L’architecte italien Stefano Boeri poursuit son œuvre pour la végétalisation des villes. A l’est de la capitale égyptienne, trois « forêts verticales » s’élèveront dans le nouveau quartier administratif.

 

Pourquoi la ville du Caire vous a-t-elle demandé de construire ces bâtiments ?

C’est en réalité un développeur indépendant, MISR Italia, qui nous a demandé de concevoir ce projet. Nous nous sommes inspirés de nos créations précédentes, en Italie, aux Pays-Bas et en Chine, qui visaient à intégrer une nature vivante dans l’architecture. Nous les avons réinterprétées en tenant compte du contexte du Caire.

Avez-vous été obligés de choisir certaines plantes plutôt que d’autres ?

Chaque “forêt verticale” est unique. Même si le concept des trois cubes est le même que celui que nous avons développé à Milan, ces structures sont conçues pour répondre à différents besoins, notamment en eau, et tiennent compte des conditions climatiques. Nous travaillons avec des ingénieurs, des experts de l’environnement et des botanistes car notre première démarche consiste à sélectionner les plantes qui seront le plus adaptées à l’endroit où le bâtiment sera édifié. Elles sont issues de l’environnement où sera construite notre “forêt verticale”, dans le but de minimiser l’impact de l’entretien et de réduire les frais. Cela permet aussi de favoriser la biodiversité en respectant l’écosystème local, et de rendre ainsi nos projets durables. C’est seulement à ce stade que nous réfléchissons au dessin de nos façades et à l’architecture de manière à ménager l’espace idoine entre les différents balcons pour respecter l’évolution tridimensionnelle de chaque type de plantes. Nous dessinons des maisons pour des arbres qui accueillent aussi des humains.

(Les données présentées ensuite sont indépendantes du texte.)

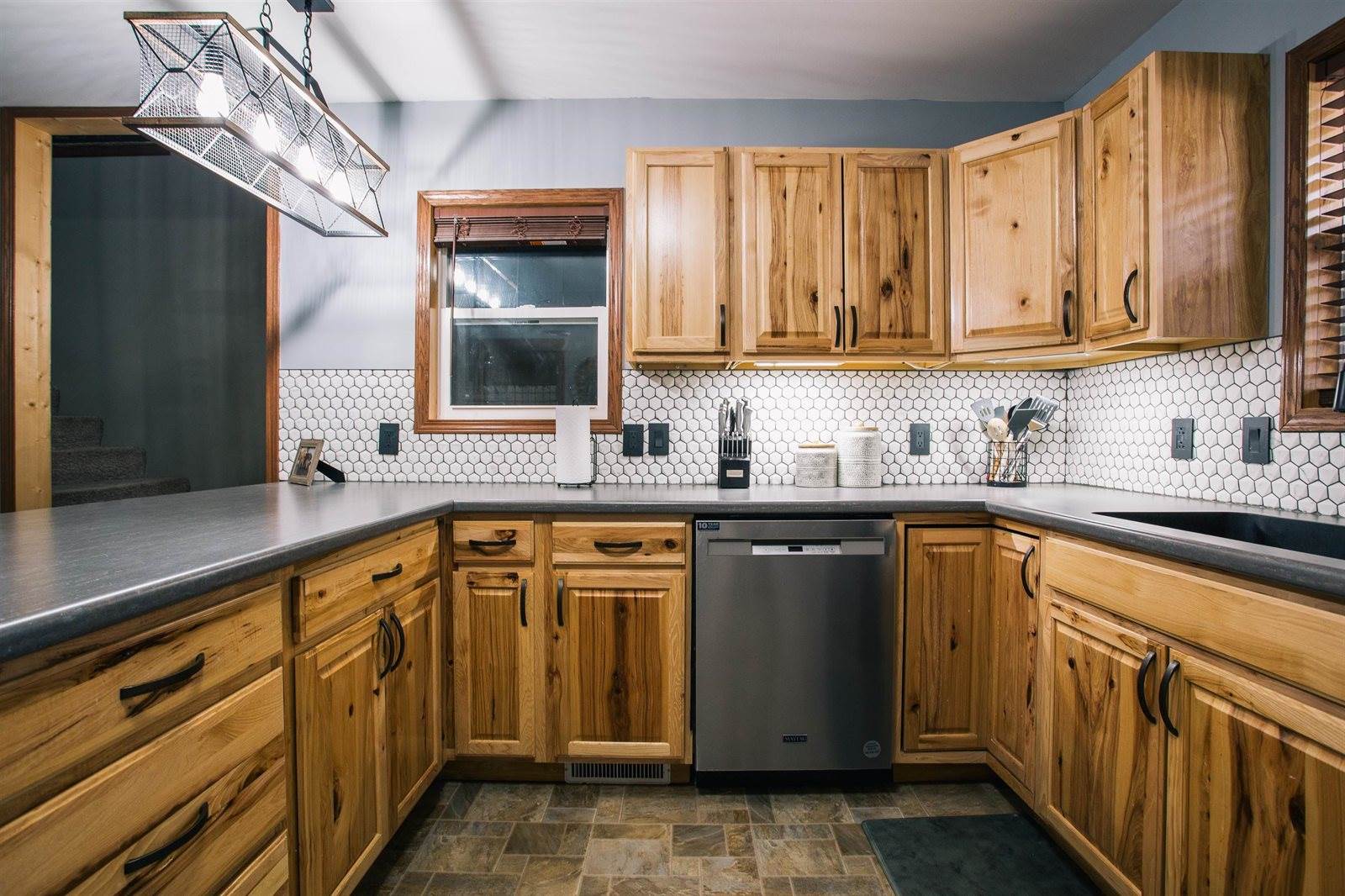 1808 Johnson Street, Neillsville, WI 54456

Votre projet consiste aussi à reverdir d’autres quartiers, en végétalisant des toits et des façades. Quelle sera l’ampleur de cette transformation ?

Lorsque nous acceptons un nouveau projet, nous regardons l’environnement urbain dans lequel il se situera. Au cours des discussions avec notre client, nous avons vu la possibilité de proposer un ensemble plus vaste : un Caire vert. En travaillant sur une végétalisation des toits et en créant des corridors permettant de relier les espaces verts déjà existants. MISR Italia a choisi de nous aider à poursuivre dans cette voie. Le Caire pourrait ainsi devenir la première métropole d’Afrique du Nord à affronter le défi du changement climatique et de sa reconversion écologique. Mais nous en sommes encore à un stade préliminaire.

Vos immeubles sont, par définition, grands consommateurs d’eau. Comment gérez-vous cette “contradiction” entre un immeuble vert et propre et la quantité d’eau supplémentaire qu’il nécessite ?

C’est un point auquel nous sommes très sensibles, bien évidemment. D’ordinaire, nous travaillons avec Transsolar KlimaEngineering, une société allemande, et nos botanistes pour sélectionner les plantes les moins gourmandes en eau. Nous avons beaucoup appris de nos constructions passées dans d’autres lieux arides et chauds, comme l’Arabie saoudite ou le Mexique. Au Caire, nous collaborerons avec une nurserie botanique locale, chargée de suivre toutes les phases de sélection des plantes et leur préparation pour maintenir le niveau minimal d’apport en eau.